5. Customer satisfaction
Provide a level of public services considered to be satisfactory by at least 80 per cent. of customers surveyed.
Child support agency
1. Performance
Sixty per cent. of new maintenance applications to be cleared within 26 weeks and as at 31 March 1997 no more than 10 per cent. of all maintenance applications received by Agency to be over 52 weeks old.
To achieve a continuing improvement in accuracy so that in at least 85 per cent. of cases checked during March 1997 the cash value of the assessment will be correct.
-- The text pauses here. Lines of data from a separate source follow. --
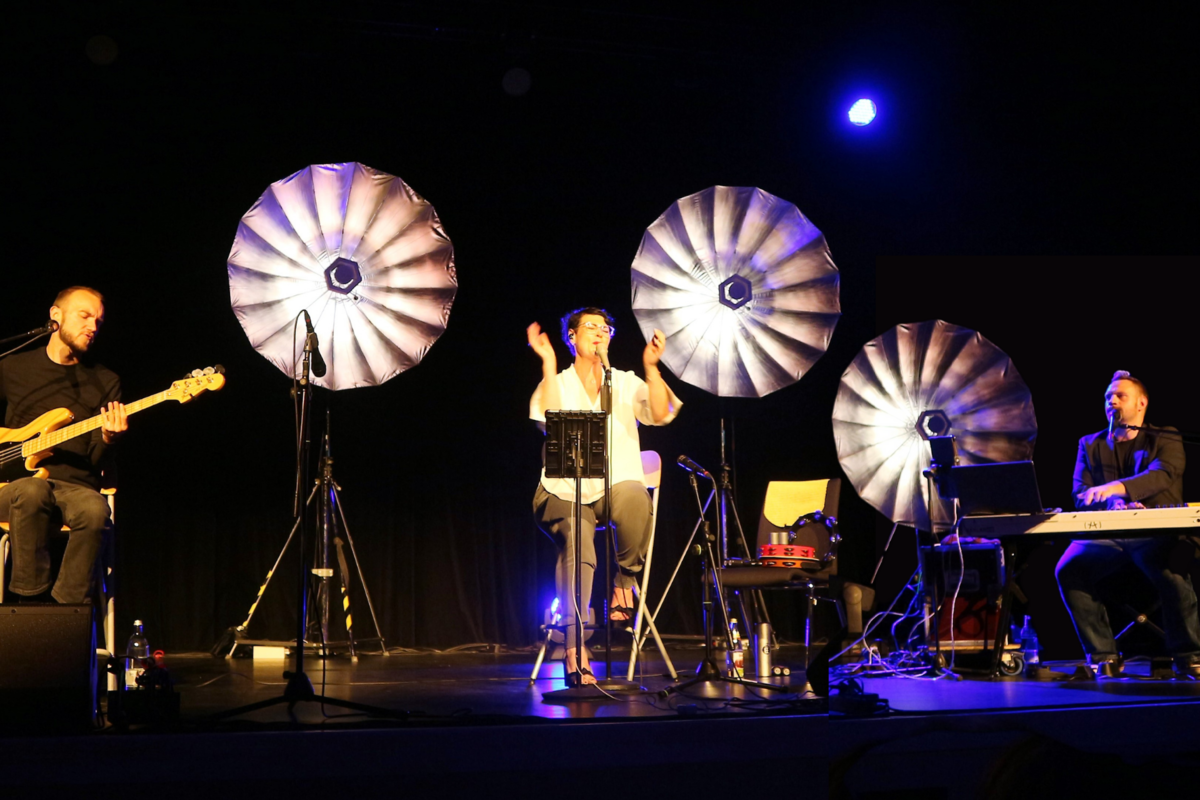 Foto der Band Soulfood unplugged, die auf einer dunklen Bhne performt. Im Hintergrund sind helle Schirmlampen zu sehen.
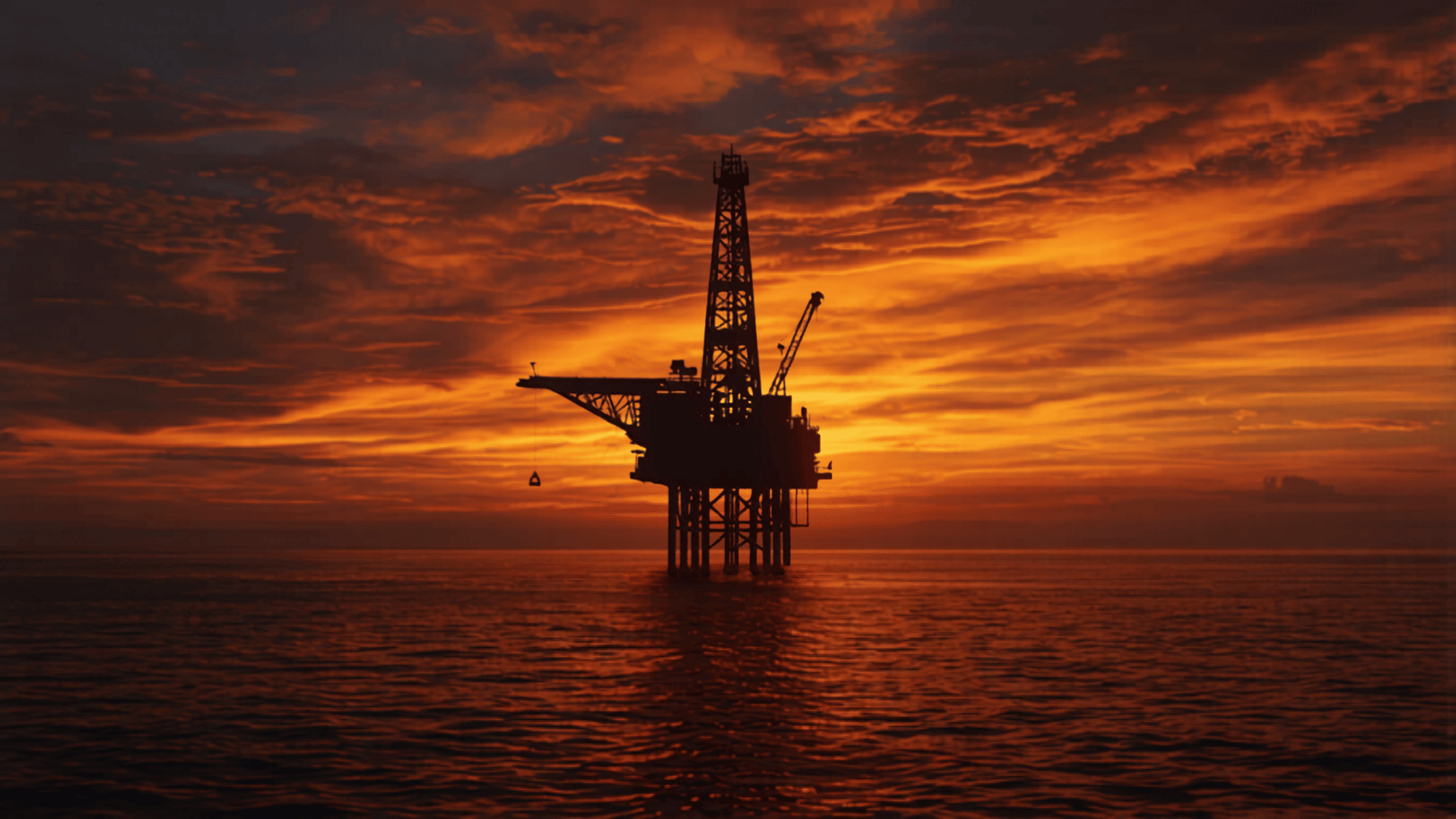 Offshore oil and gas platform silhouetted against a dramatic sunset sky.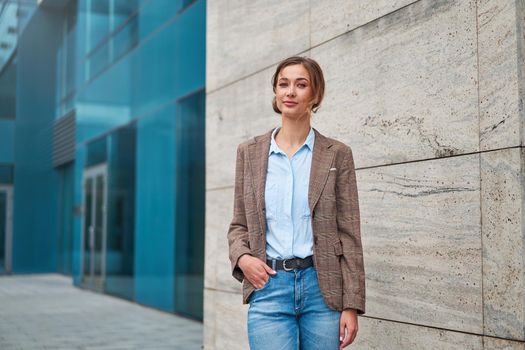 Businesswoman successful woman business person standing outdoor corporate building exterior. Pensiv caucasian confidence professional business woman middle age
Where a client is dissatisfied with a Child Support Officer's decision and requests a review, 55 per cent. to be cleared within 13 weeks; 80 per cent. within 26 weeks; and no more than 15 per cent. to be older than 26 weeks at 31 March 1997.
A band of £380-£400 million of maintenance to be collected or arranged for direct payment from the absent parent to the parent with care in 1996-97.
Ninety five per cent. of payments to parent with care to be made within 10 working days of receipt from an absent parent.
War Pensions Agency
1. Performance
Disablement First Claims (UK)--60 per cent. cleared in 145 days.
Disablement Second and Subsequent Claims--60 per cent. cleared in 135 days.
War Widows' Claims (UK)--80 per cent. cleared in 70 days.
Claims accuracy--95 per cent.
All appeals--60 per cent. in 260 days.
As at 31 March 1997, to have no more than 30 per cent. of outstanding appeals more than 260 days old.
To clear 12,000 appeals during 1996-97.
2. Resource management
To manage the Agency's administration resources so as to deliver the Business Plan within a total budget of £34.14 million.
3. Customer satisfaction
To achieve a level of 85 per cent. of war pensioners sampled who regard the Agency's service as satisfactory or better, as determined by an independent survey.
Information Technology Services Agency
1. Performance
Deliver an overall business efficiency improvement of 13.5 per cent.
Deliver 92 per cent. of services to customers to service levels for time, budget and quality as agreed in contracts.
To develop, test and deliver, to agreed timescales and with agreed functionality the Jobseeker's Allowance Payment System (JSAPS) to enable JSA implementation from 7 October 1996.
To develop, test and deliver, to agreed timescales for the Customer Accounting and Payment System (CAPS) programme, the necessary facilities to support payment by card and improved programme accounting.
Define and develop, to agreed timescales, an approach to customer satisfaction measurement which is consistent with industry standards.
Define and develop ITSA's business strategy, to agreed timescales, according to the needs of the Departmental Change Programme and the Agency's customers.
2. Resource management
Manage ITSA's resources within the Agency's Funding Regime.